4.   Menjadi pribadi yang kuat dan teguh pendirian
Perwujudan meneladani dari sifat Allah Swt. al-Matin  dapat berupa hal-hal berikut:
a.   Tidak mudah terpengaruh oleh rayuan atau ajakan orang lain untuk melakukan perbuatan tercela.
b.   Kuat dan sabar dalam menghadapi setiap ujian dan cobaan yang dihadapi.

5.   Berkarakter pemimpin
Pewujudan meneladani sifat Allah Swt. al-Jāmi’ di antaranya seperti berikut:
a.   Mempersatukan orang-orang yang sedang berselisih.
b.   Rajin melaksanakan shalat bejama’ah.
c.   Hidup bermasyarakat agar dapat memberikan manfaat kepada orang lain.

6.   Berlaku adil
Perwujudan meneladani sifat Allah Swt. al-‘Adl misalnya seperti berikut:
a.   Tidak memihak atau membela orang yang bersalah, meskipun ia saudara atau teman kita.
b.   Menjaga diri sendiri, orang lain, dan lingkungan sekitar dari kezaliman.

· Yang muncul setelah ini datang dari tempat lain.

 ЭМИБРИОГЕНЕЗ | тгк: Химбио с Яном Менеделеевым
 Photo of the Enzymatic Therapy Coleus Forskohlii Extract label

7.   Menjadi orang yang bertakwa
Meneladani sifat Allah Swt. al-Ākhir adalah dengan cara seperti berikut:
a.   Selalu melaksanakan perintah Allah Swt. seperti: shalat lima waktu, patuh dan hormat kepada orang tua dan guru, puasa, dan kewajiban lainnya.
b.   Meninggalkan dan menjauhi semua larangan Allah Swt. seperti: mencuri, minum-minuman keras, berjudi, pergaulan bebas, melawan orang tua, dan larangan lainnya.